The Toyotas took the initiative in the first stage of the Saturday morning loop. Elfyn Evans set the best time in La Colle-Saint-Michel (16.8 km), his first in this rally, enough to take a handful of seconds from Sébastien Loeb (Ford Puma), still in the lead for a handful of seconds (6.5 ahead of Ogier), but who will have to resist the Toyotas throughout the day.
“It wasn’t a perfect stage for me. I think my two super-soft tyres didn’t help me,” the leader of the 90th Monte-Carlo Rally said, at the end of the stage. A few minutes earlier, in the privacy of the cockpit, he had summed up the situation perfectly: “I couldn’t find the rhythm. Neither did you, by the way…”, he calmly slipped to his new team-mate, Isabelle Galmiche. Promising for the future, because a frustrated Loeb generally goes faster in the next stage.

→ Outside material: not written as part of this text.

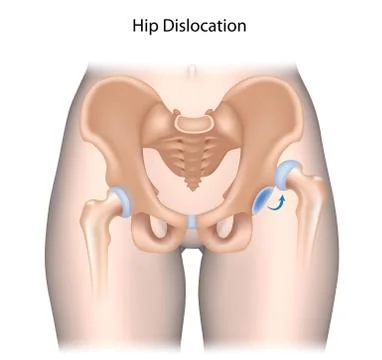 Hip dislocation anatomy unlabeled. Stock Illustration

By taking 7.3 seconds from Loeb in this SS9 between Le Fugeret and Thorame-Haute, east of the Alpes-de-Haute-Provence, the Welshman got back into the fight for the win, less than 15 seconds behind Loeb, as he also took 3.9 seconds from his teammate Sébastien Ogier: “I’m not happy with the car, my hybrid doesn’t help me”, confided Ogier, a little disappointed with his 3rd time, behind Evans and surprising youngster Kalle Rovanperä (2nd). Three Toyotas in the first three spots, in order to put maximum pressure on Loeb, 7th in this SS9.
Seven, like the number of victories in Monaco for the Alsatian whose first participation dates back to 2001, at the wheel of a Citroën Saxo. And who this weekend, aboard his Ford Puma, became the oldest driver to ever lead a world championship rally, beating the record held for three decades by Swede Bjorn Waldegard, winner of the Safari Rally in 1990, at age 46, in a Toyota Celica.

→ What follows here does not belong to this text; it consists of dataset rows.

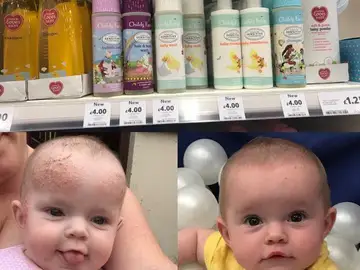 Una madre descubre una crema de bebés de 4 euros que cura el eczema infantil y la psoriasis adulta Una madre descubre una crema de bebés de 4 euros que cura el eczema infantil y la psoriasis adulta
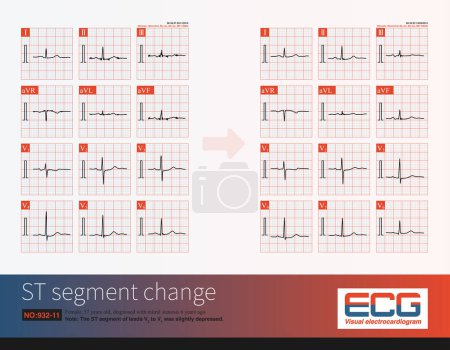 Photo for Female, 57 years old, diagnosed with mitral stenosis 6 years ago. Two outpatient electrocardiograms in 2010 showed left atrial abnormality and ST segment  changes. - Royalty Free Image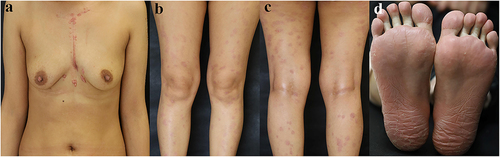 Figure 2 SAPHO syndrome patient with after-treatment skin lesions. (a-d) Erythema, papules, and pustules gradually subsided, leaving slight pigmentation.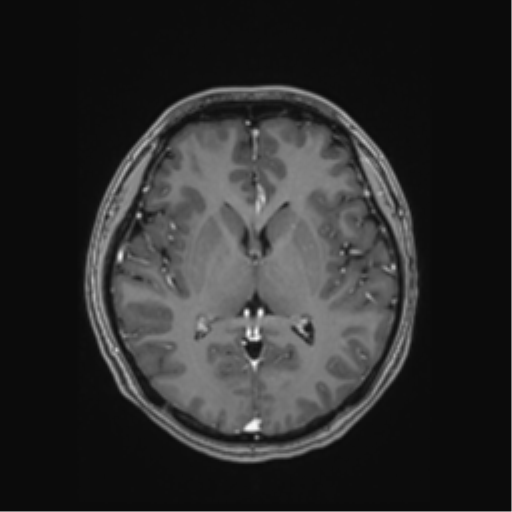 Cerebral cavernous venous malformations (Radiopaedia 48117-52946 Axial T1 C+ 31).png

In what needs to be called the second group, the fight will pit two Hyundai drivers against two Ford drivers on Saturday. On one side, Thierry Neuville and Ott Tänak, victim of a slow puncture in SS9, who started with only one spare wheel this morning, in order to be lighter. On the other side, Craig Breen and Gus Greensmith who gave Friday, after the first best time of his WRC career, a plausible explanation for the interest aroused by this 90th edition, the first of the hybrid WRC era: “It’s hard to put into words how amazing this Ford Puma is!”. Ford and M-Sport have worked well in the past few months, in Banbury, and it shows.